Items listed in a dataset
:::::

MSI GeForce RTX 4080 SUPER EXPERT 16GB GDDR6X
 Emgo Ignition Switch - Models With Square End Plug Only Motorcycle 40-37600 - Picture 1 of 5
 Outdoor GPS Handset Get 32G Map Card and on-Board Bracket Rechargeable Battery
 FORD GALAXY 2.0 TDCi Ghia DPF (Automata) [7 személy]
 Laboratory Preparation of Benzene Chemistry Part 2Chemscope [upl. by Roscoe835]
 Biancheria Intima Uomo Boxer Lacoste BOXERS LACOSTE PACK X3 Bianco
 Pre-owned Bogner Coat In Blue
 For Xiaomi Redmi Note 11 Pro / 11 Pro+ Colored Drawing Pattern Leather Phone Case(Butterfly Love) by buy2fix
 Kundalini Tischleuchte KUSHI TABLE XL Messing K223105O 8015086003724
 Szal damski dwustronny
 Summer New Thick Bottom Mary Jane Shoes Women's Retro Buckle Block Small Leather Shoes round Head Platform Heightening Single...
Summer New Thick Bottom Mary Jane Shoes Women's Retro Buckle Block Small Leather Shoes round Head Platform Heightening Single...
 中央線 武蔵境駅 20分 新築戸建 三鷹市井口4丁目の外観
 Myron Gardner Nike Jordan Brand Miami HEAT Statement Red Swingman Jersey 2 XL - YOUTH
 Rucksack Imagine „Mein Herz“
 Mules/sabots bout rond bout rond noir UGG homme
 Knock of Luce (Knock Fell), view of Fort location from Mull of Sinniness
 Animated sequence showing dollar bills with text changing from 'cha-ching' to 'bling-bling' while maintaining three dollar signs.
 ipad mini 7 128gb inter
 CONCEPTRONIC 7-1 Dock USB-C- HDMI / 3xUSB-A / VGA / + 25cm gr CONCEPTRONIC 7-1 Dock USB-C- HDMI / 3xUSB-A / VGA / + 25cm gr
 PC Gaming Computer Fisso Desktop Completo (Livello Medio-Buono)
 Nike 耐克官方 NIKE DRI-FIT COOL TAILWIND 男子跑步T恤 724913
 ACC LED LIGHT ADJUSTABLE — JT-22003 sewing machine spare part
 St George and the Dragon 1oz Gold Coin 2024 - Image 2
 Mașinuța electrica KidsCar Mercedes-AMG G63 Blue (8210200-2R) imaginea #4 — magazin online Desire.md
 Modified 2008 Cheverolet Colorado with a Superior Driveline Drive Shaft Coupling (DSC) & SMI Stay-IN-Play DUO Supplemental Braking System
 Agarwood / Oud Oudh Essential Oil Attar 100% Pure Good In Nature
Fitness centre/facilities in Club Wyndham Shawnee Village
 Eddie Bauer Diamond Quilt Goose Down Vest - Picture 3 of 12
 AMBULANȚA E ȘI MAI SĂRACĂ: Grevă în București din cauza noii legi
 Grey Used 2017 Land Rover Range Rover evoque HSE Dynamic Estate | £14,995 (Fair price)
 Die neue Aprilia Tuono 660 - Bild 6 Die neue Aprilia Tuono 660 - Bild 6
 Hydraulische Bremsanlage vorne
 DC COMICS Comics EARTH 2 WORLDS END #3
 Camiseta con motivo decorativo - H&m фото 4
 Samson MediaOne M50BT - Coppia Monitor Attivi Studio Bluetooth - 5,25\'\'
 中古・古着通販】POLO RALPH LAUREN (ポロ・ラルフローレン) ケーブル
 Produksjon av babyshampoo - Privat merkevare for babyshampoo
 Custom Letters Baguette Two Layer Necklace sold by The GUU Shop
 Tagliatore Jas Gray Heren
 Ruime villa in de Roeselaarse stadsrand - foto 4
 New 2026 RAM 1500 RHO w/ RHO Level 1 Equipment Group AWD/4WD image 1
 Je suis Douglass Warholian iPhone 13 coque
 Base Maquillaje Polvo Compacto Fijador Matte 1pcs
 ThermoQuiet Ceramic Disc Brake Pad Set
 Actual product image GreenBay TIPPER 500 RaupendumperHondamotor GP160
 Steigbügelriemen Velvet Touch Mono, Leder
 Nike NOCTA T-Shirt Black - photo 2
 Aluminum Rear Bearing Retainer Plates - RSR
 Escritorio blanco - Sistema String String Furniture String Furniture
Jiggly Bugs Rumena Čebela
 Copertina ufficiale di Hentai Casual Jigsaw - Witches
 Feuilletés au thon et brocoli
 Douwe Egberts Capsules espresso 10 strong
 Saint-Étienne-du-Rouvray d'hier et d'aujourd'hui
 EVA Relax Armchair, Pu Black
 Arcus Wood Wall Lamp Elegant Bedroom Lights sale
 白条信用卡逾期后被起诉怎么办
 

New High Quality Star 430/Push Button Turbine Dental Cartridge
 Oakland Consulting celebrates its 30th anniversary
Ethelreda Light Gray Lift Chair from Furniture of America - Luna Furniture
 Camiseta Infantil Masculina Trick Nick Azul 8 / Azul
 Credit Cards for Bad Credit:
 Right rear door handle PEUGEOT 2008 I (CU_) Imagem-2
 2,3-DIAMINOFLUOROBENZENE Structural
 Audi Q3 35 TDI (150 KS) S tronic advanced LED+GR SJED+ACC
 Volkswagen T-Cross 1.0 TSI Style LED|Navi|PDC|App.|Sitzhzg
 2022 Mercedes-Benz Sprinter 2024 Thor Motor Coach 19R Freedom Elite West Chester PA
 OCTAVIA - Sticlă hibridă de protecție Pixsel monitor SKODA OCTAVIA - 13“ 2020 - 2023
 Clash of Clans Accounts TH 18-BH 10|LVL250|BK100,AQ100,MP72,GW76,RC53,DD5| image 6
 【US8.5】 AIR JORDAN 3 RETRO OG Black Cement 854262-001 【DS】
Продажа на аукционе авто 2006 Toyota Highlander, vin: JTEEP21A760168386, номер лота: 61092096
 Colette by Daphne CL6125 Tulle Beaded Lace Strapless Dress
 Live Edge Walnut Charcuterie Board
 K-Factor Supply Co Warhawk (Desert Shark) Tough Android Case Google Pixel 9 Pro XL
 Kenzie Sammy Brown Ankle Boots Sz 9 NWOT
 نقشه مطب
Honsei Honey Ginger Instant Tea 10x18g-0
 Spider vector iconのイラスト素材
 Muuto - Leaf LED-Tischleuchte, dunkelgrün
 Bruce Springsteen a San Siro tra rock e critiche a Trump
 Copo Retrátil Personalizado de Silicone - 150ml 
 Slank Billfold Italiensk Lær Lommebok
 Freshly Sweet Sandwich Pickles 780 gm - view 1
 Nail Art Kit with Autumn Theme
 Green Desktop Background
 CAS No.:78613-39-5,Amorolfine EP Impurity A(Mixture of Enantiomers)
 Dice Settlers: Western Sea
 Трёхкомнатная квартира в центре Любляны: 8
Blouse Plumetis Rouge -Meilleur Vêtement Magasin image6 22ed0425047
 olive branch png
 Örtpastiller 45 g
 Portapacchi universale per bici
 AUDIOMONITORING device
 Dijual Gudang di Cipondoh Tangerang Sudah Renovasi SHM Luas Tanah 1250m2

:::::

- What is needed -
Where a line of the entries contains "Thick", report that line.

- Exercise answer -
 Summer New Thick Bottom Mary Jane Shoes Women's Retro Buckle Block Small Leather Shoes round Head Platform Heightening Single...
Summer New Thick Bottom Mary Jane Shoes Women's Retro Buckle Block Small Leather Shoes round Head Platform Heightening Single...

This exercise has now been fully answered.